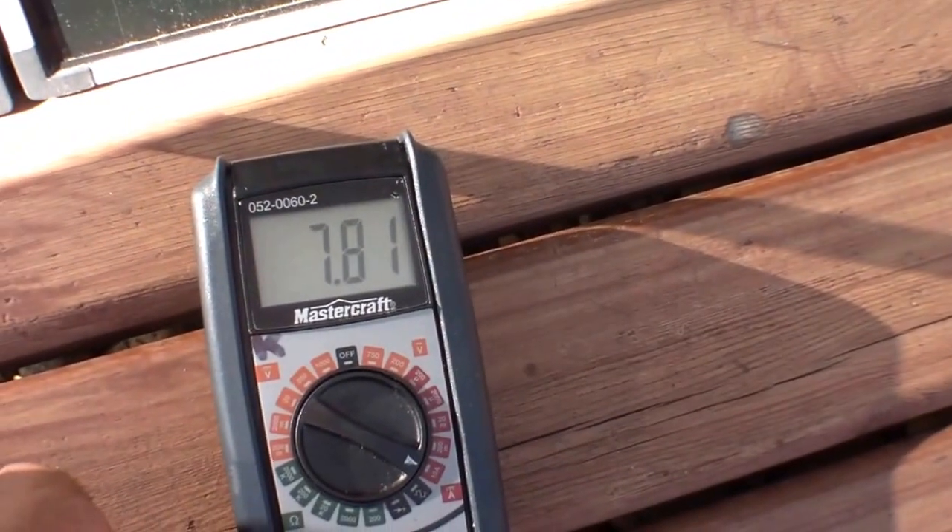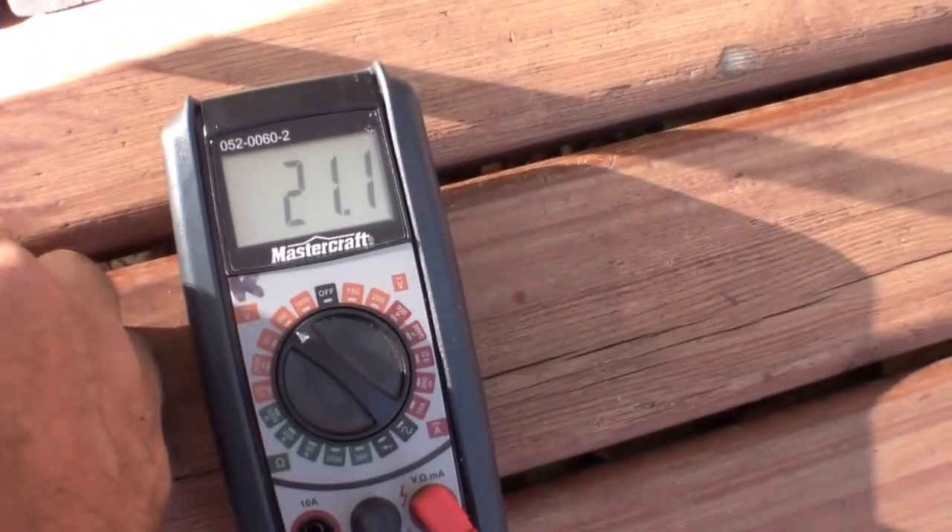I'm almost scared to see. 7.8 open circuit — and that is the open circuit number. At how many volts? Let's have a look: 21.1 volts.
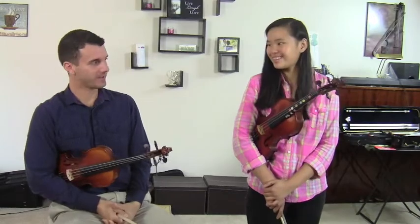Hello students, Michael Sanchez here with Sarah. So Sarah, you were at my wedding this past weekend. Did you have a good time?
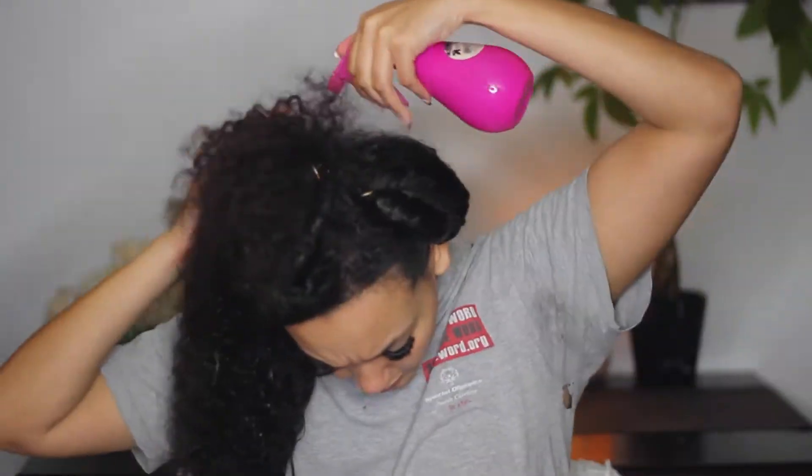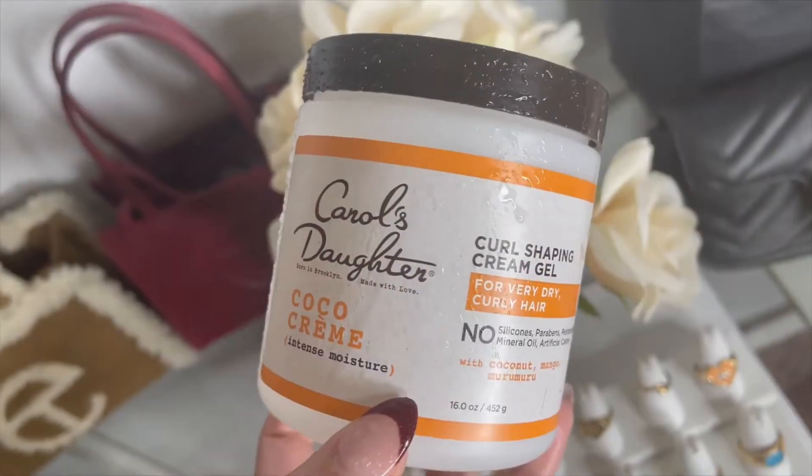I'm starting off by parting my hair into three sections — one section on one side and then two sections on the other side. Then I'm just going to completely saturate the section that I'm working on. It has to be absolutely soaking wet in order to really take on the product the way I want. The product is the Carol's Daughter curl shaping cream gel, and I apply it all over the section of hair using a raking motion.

(What is being asked) Print the listing above in full, exactly as written. Omit any pictures.

(Solution to the exercise)
I'm almost scared to see. 7.8 open circuit — and that is the open circuit number. At how many volts? Let's have a look: 21.1 volts.
Hello students, Michael Sanchez here with Sarah. So Sarah, you were at my wedding this past weekend. Did you have a good time?
I'm starting off by parting my hair into three sections — one section on one side and then two sections on the other side. Then I'm just going to completely saturate the section that I'm working on. It has to be absolutely soaking wet in order to really take on the product the way I want. The product is the Carol's Daughter curl shaping cream gel, and I apply it all over the section of hair using a raking motion.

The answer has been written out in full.